"""
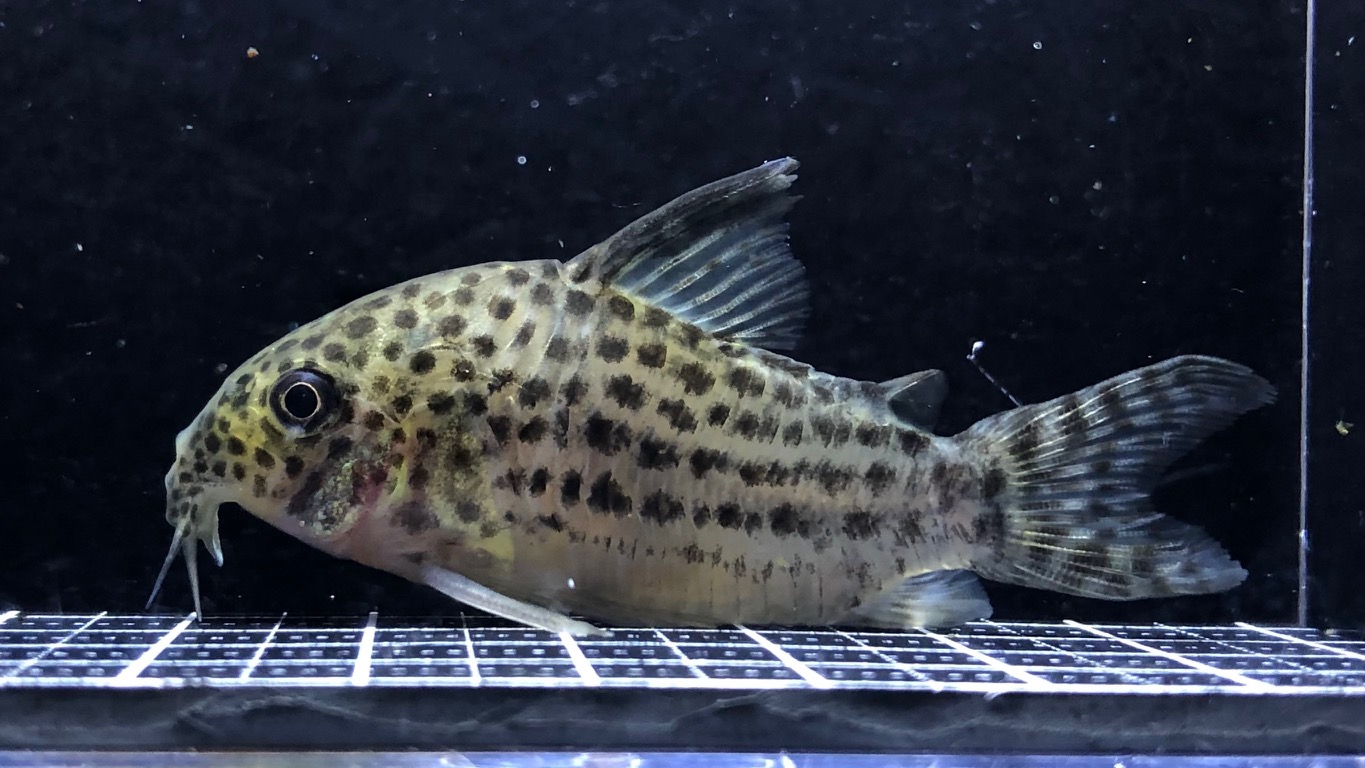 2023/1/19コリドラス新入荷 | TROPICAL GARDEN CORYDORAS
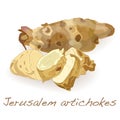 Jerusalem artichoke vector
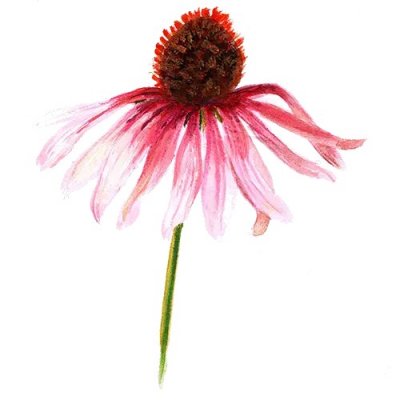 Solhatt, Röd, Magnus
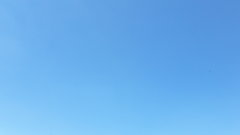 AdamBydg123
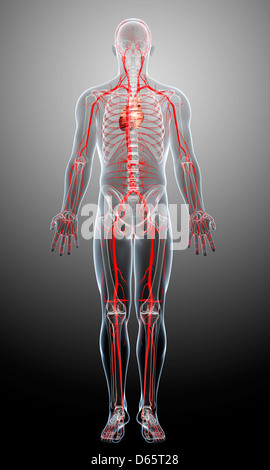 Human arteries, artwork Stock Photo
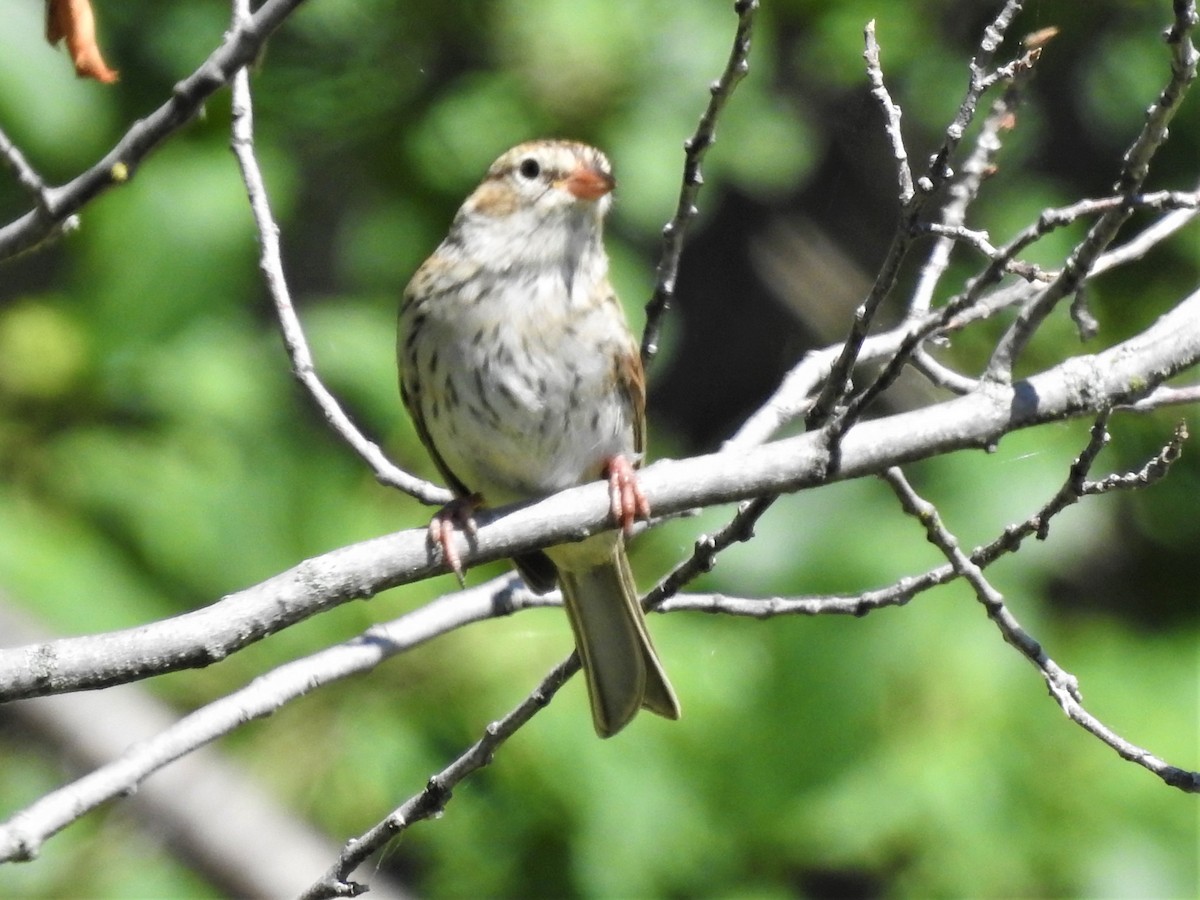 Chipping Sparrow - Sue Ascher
"""
"""
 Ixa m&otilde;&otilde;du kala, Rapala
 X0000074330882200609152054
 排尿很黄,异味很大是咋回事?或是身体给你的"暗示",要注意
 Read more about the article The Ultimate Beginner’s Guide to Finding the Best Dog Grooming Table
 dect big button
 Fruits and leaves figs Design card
"""
Work item: Copy out the lines above from the line containing "2023/1/19コリドラス新入荷 | TROPICAL" through the line containing "Chipping Sparrow - Sue Ascher", exactly, and keep the pictures out.

Written answer:
 2023/1/19コリドラス新入荷 | TROPICAL GARDEN CORYDORAS
 Jerusalem artichoke vector
 Solhatt, Röd, Magnus
 AdamBydg123
 Human arteries, artwork Stock Photo
 Chipping Sparrow - Sue Ascher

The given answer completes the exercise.